Other aspects of the settlement proposal are also problematic. Several provisions purport to bind the Commission to adopt new general procedures, approve similar requests for operating authority from other vessel common carriers, and take all necessary action to carry out the parties' agreement. As a general matter, it is entirely inappropriate for the parties to attempt to bind the Commission in this fashion. Moreover, Rule 51.1(a) expressly limits a settlement to the issues in the immediate proceeding and prohibits the settlement from extending to substantive issues which may come before the Commission in "other or future proceedings," precluding the adoption of such a procedure.
Finally, the parties' agreement that the Commission will establish streamlined registration procedures is also invalid because we can only adopt such rules of general application using notice and comment rulemaking procedures. Although we can include reasonable terms and conditions in an order if they pertain specifically to the circumstances of the particular proceeding, we cannot make sweeping changes to our general procedures for granting vessel common carrier operating authority by implementing a private agreement between the parties in an application proceeding.
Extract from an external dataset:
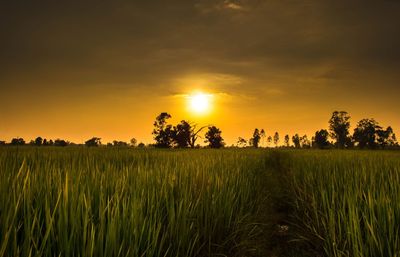 Scenic view of field against sky during sunset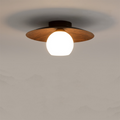 Minimalist Ceiling Light Fixture for Modern Entrances-Lighting > Ceiling Lights-casanuva-D13.77''*H6.29''/D35CM*H1-A-casanuva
In summary, we are amenable to considering a settlement in which the parties (1) provide for the establishment of a reasonable and specifically defined number of new (to the applicant) services pursuant to public agency and private entity contracts, if those services will commence within a reasonable, specifically defined time period; (2) agree that the protestant waives any claim that the applicant is operationally and financially unfit to do so; (3) agree that the existence of a contract indicates that there is a public need; (4) agree that a protestant withdraws the protest in the proceeding; and (5) forecloses the applicant from filling a protest if the protestant should apply for operating authority for the same service within a defined time period. The terms and conditions we foresee adding to the order upon adoption of such a settlement include provision for an appropriate level of environmental review, particularly with respect to prospective service that is entirely new, and especially if new construction will be required.
Although we realize that our decision today may be discouraging to the parties, we encourage them to renew their settlement efforts if they can do so without exceeding these limitations. We want to provide the best possible environment for settlement negotiations, and our order therefore adopts an approach suggested by the second and third options in Rule 51.5: although we reject the settlement before us, we will give the parties 60 days to renegotiate their agreement so as to be consistent with the guidelines set forth above, and to resubmit it to us by new motion if they so choose. Alternatively, Marine Services may request other relief by again amending its application. If neither of these actions is taken by the expiration of the 60 days, we will dismiss the amended application.
6 The year 1989 was pivotal, as the first of these services began operation that year when the Loma Prieta earthquake required closure of the San Francisco-Oakland Bay Bridge for 30 days. We granted initial operating authority by emergency order, but as certain of these services became established permanently under the aegis of sponsoring agencies, our procedure for certificating new services have proven to be cumbersome and unresponsive.